Te hubiese gustado ver cómo Salamanca lo recibía con una ovación, cómo la plaza se ha puesto patas arriba con ese toreo caro, de muchos kilates, que tú reconociste tan pronto, que ayudaste a forjar en sus compases primeros, cuando era poco menos que un sueño; ese toreo cuyos esbozos ayudaste a dibujar, guiando su mano, atemperando su corazón, enseñándole a andar en el ruedo y por la vida, que es la escuela más difícil, convirtiéndolo a aquel muchacho en torero y en hombre. Ahora, dentro de nada, será padre, si la vida siempre se abre paso.

Te hubiese gustado ver el regreso de los berrendos de Paco Galache, los de tu alternativa, a La Glorieta, todos con calidad y humillación, algunos de dulce, por voluntad de un Morante en estado de gracia serenísima. Morante -ay, mi Morante!-, un torero de época que llegaba en coche de época; un torero de oro viejo vestido de oro viejo; un torero sin tiempo que hoy ha toreado al mismo tiempo.

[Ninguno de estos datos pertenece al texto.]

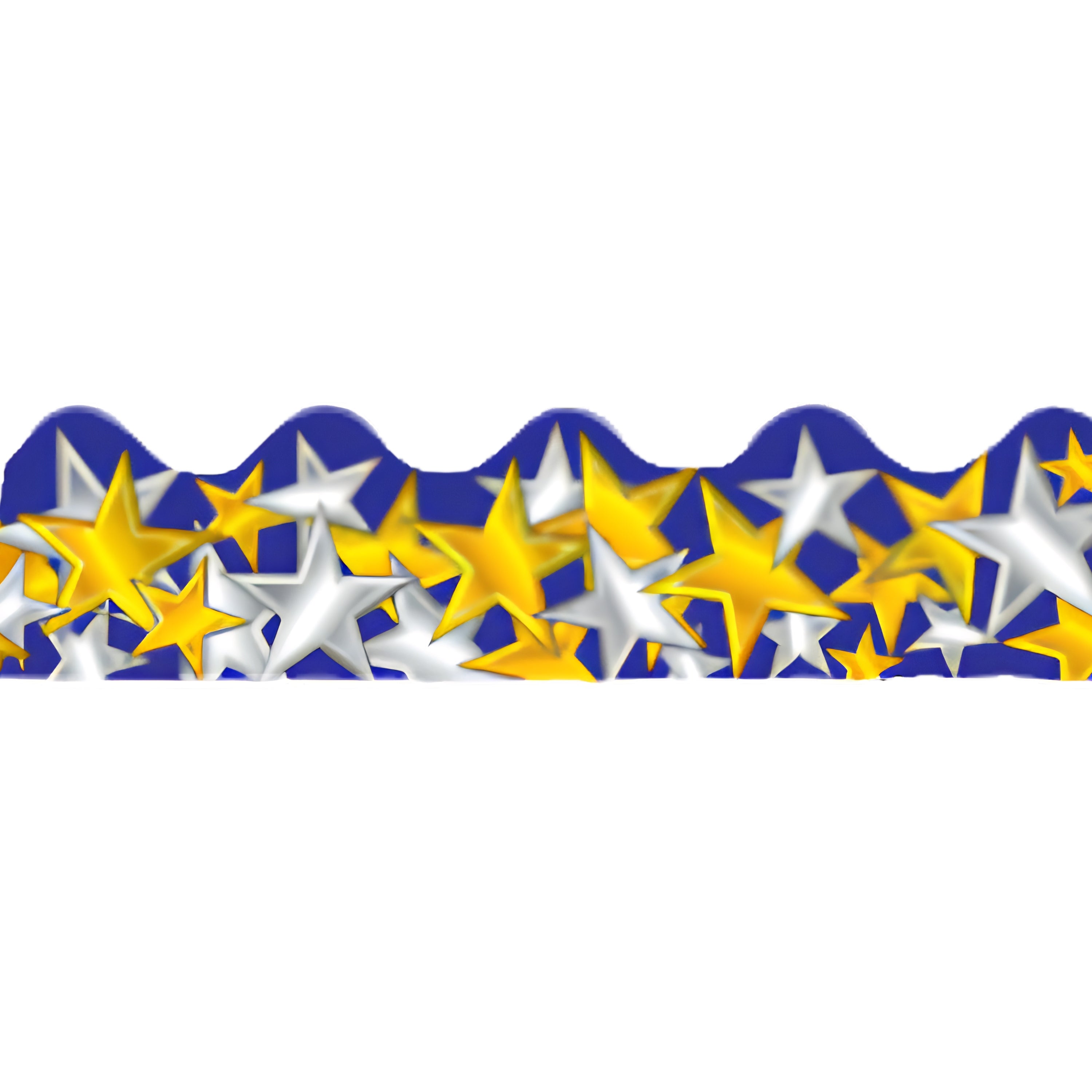 Gold & Silver Stars Border Trim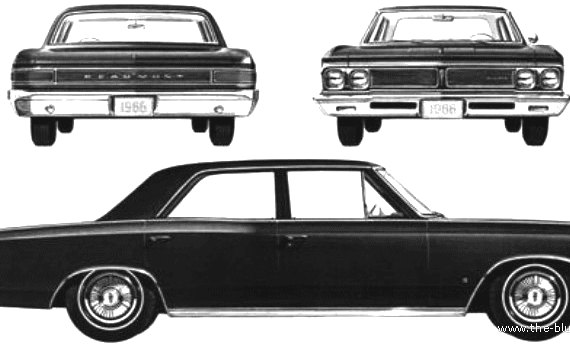 Acadian Beaumont 4-Door Sedan (1966) - Разные автомобили - чертежи, габариты, рисунки автомобиля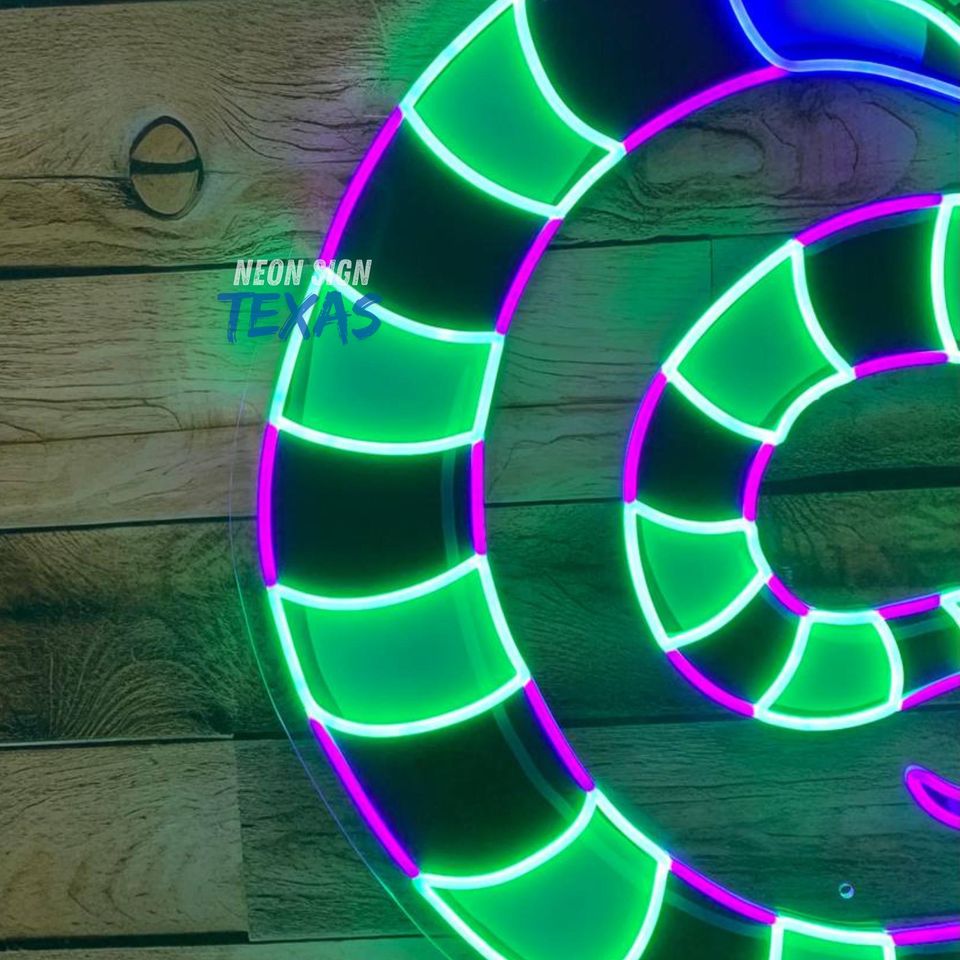 It's Showtime Neon Sign Coiling Sandworm Neon Sign Beetlejuice Neon Sign Halloween Decor LED Sign Spooky Led Neon Sign Halloween Gift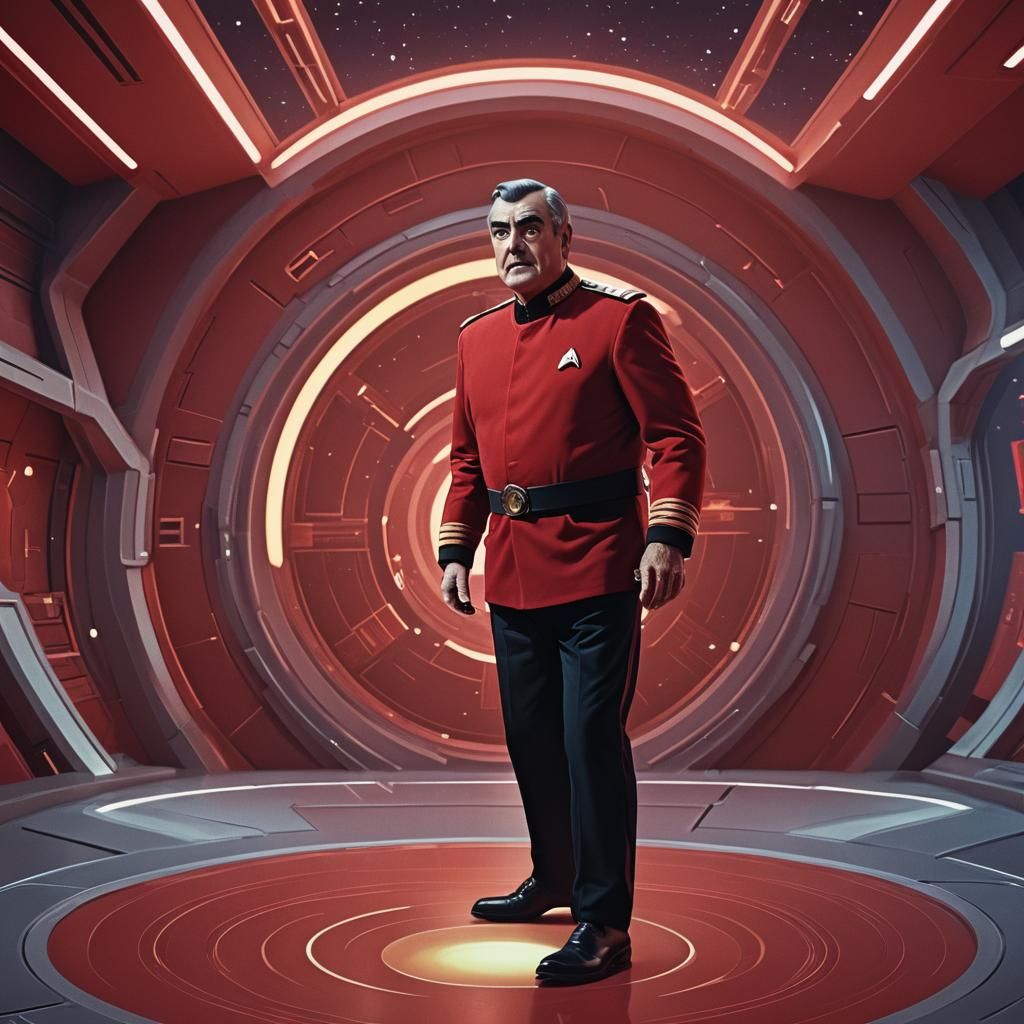 James Doohan Teleporting: Pixar-Style 3D Digital Art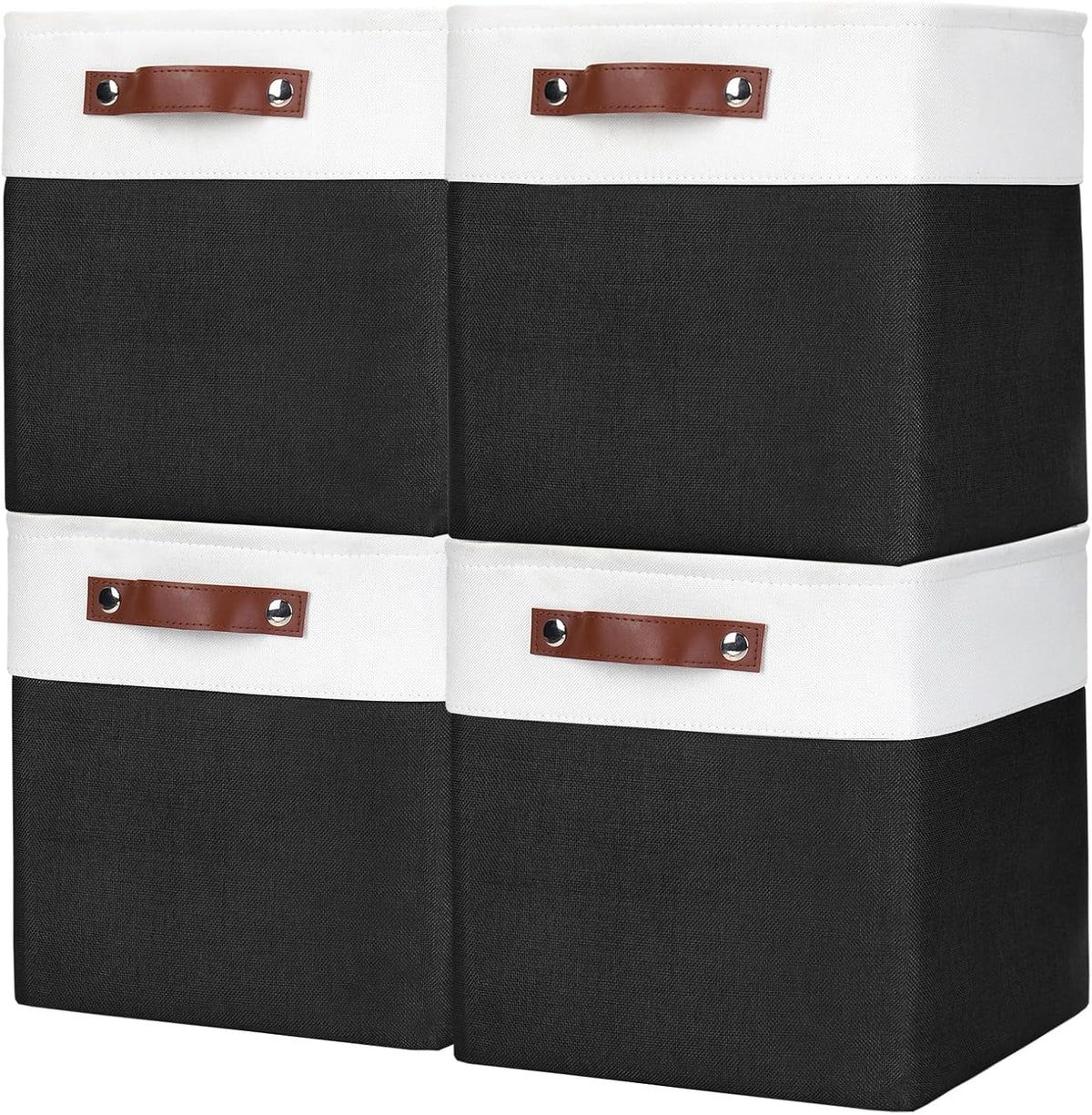 Bagnizer Large Fabric Storage Baskets | 50L Storage Bins, Decorative Linen Closet Baskets with Handles for Organizing, Shelf, Toys, Clothes, Home, Office, Nursery, 17x12x15Inches (Grey&White)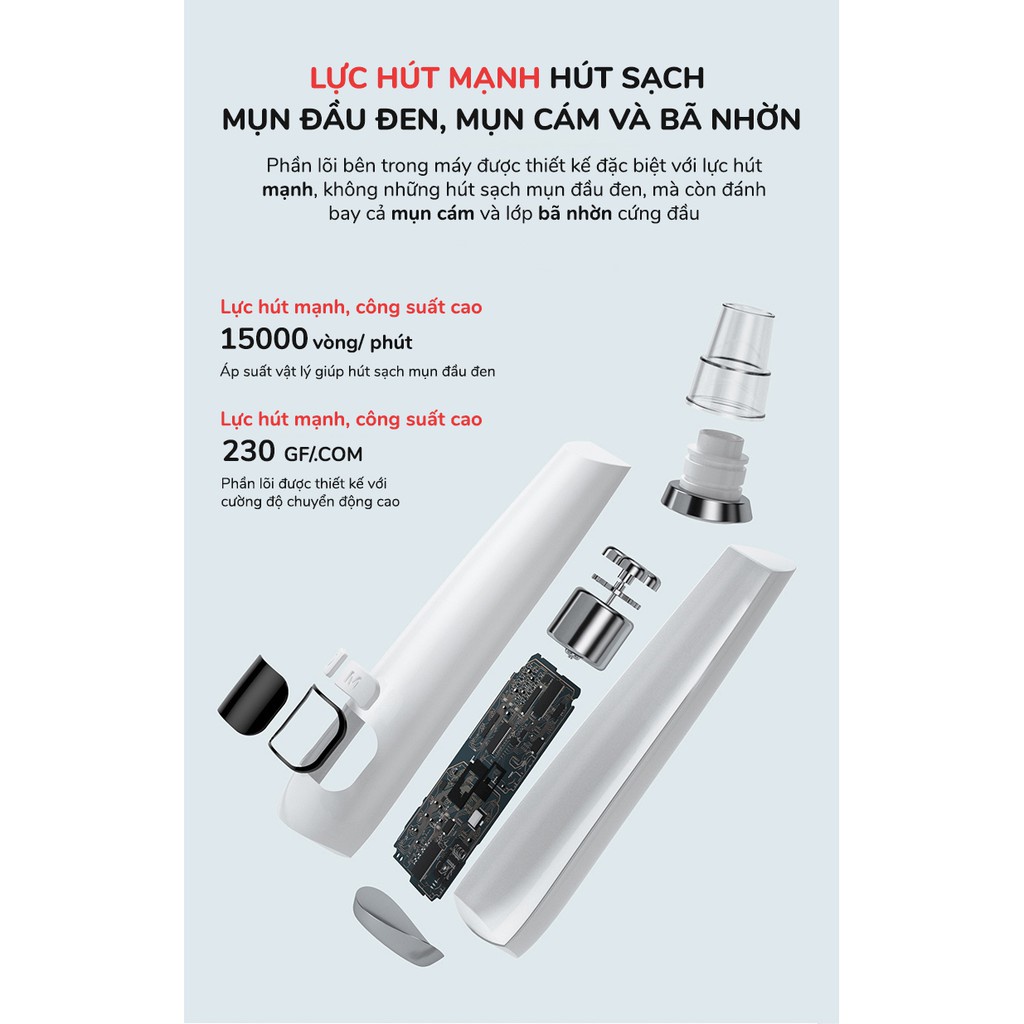 Máy hút mụn đầu đen vi tinh thể, se khít lỗ chân lông AINI COLLECTION - Hàng chính hãng Aini Việt Nam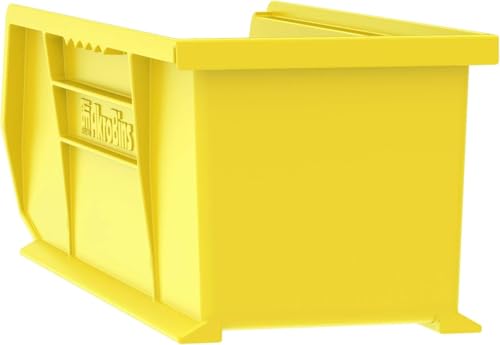 Akro-Mils 30234 AkroBins Plastic Storage Bins, Space-Saving Stackable Bins for Garage, Pantry, Craft Organization, 15" x 5" x 5", Yellow, 12-Pack - color: Yellow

Morante, que ha dado un recital de cante grande con el capote, arrebatado y arrebatador, y ha vuelto locos de remate a los tendidos con un tercer par asomándose al balcón, y después una media de cartel, y después otro recital de inspiración con la muleta mientras cantaban desde la grada nuestras 'salamencas'. Y luego

ayudados por alto, y luego una trinchera y luego un pase del desdén, tan torero, tan precioso. Y luego sus series hondas, lentas, eternas, sublimes con la derecha y al natural de uno en uno con un toro de dulce embestida, que ya casi nos robaban el aliento.

Te hubiese gustado ver a ese Morante tan en genio, inalcanzable, inspirado, guardarle las espaldas a Alejandro en el ruedo como tú se las guardabas en la vida: capote en mano en el burladero de los picadores, atento a cada detalle de la lidia; su mirada, su gesto, casi empujando con el alma para que entrase la espada del salmantino en el sexto.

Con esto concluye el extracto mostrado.